** Task description **
Please count the lines below that hold the word "mekan" and give the count without any other text.

Caption-style text data
_ _ _ _
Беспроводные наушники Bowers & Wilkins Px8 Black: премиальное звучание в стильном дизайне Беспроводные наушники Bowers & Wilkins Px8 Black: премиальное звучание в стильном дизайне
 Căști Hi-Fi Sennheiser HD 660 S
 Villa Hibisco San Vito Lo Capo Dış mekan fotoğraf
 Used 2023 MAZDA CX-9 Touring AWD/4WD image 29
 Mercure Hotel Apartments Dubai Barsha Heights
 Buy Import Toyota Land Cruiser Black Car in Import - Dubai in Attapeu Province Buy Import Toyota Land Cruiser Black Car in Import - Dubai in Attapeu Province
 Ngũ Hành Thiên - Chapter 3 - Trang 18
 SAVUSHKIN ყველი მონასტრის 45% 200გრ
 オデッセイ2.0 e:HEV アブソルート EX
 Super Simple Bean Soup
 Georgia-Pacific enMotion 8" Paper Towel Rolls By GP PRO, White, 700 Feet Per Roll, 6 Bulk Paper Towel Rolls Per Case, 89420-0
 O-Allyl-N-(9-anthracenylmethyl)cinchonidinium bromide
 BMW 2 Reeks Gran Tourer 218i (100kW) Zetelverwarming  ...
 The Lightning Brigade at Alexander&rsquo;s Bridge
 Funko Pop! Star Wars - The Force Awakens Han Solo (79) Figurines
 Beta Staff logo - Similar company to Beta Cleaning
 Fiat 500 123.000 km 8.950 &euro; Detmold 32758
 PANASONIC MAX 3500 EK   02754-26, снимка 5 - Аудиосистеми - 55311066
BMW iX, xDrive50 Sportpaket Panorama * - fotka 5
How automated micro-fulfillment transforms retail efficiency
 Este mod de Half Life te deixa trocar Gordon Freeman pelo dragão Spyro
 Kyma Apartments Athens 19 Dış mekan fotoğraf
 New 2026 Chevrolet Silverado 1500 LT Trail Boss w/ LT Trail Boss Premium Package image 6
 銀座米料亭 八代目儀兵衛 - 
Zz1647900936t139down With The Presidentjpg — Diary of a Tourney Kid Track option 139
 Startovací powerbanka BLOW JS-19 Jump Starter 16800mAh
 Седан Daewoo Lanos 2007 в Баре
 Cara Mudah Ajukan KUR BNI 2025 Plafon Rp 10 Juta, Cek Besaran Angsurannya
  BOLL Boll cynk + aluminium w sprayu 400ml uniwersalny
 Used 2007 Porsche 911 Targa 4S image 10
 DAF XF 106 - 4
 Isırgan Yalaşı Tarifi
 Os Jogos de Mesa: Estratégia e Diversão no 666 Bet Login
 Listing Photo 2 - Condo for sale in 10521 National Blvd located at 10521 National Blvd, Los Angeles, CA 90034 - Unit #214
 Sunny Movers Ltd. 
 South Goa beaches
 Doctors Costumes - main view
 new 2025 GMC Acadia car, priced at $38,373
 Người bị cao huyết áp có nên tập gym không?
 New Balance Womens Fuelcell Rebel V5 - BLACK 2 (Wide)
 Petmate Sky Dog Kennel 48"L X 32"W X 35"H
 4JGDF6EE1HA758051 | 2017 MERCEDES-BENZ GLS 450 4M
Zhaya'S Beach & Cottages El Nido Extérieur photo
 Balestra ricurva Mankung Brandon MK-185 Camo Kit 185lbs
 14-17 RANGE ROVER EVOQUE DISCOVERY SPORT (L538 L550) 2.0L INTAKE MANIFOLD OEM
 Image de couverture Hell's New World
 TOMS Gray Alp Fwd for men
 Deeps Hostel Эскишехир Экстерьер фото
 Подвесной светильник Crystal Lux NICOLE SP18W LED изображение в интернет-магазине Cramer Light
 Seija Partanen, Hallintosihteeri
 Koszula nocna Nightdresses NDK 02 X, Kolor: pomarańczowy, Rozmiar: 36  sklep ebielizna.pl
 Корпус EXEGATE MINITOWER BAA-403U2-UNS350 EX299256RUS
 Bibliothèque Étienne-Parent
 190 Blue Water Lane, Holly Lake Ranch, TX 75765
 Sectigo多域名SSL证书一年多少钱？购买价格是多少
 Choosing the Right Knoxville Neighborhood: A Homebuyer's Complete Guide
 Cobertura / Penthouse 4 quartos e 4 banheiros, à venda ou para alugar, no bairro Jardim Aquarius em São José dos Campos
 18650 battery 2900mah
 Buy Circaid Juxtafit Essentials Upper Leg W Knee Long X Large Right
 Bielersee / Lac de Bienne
_ _ _ _
** Task output **
2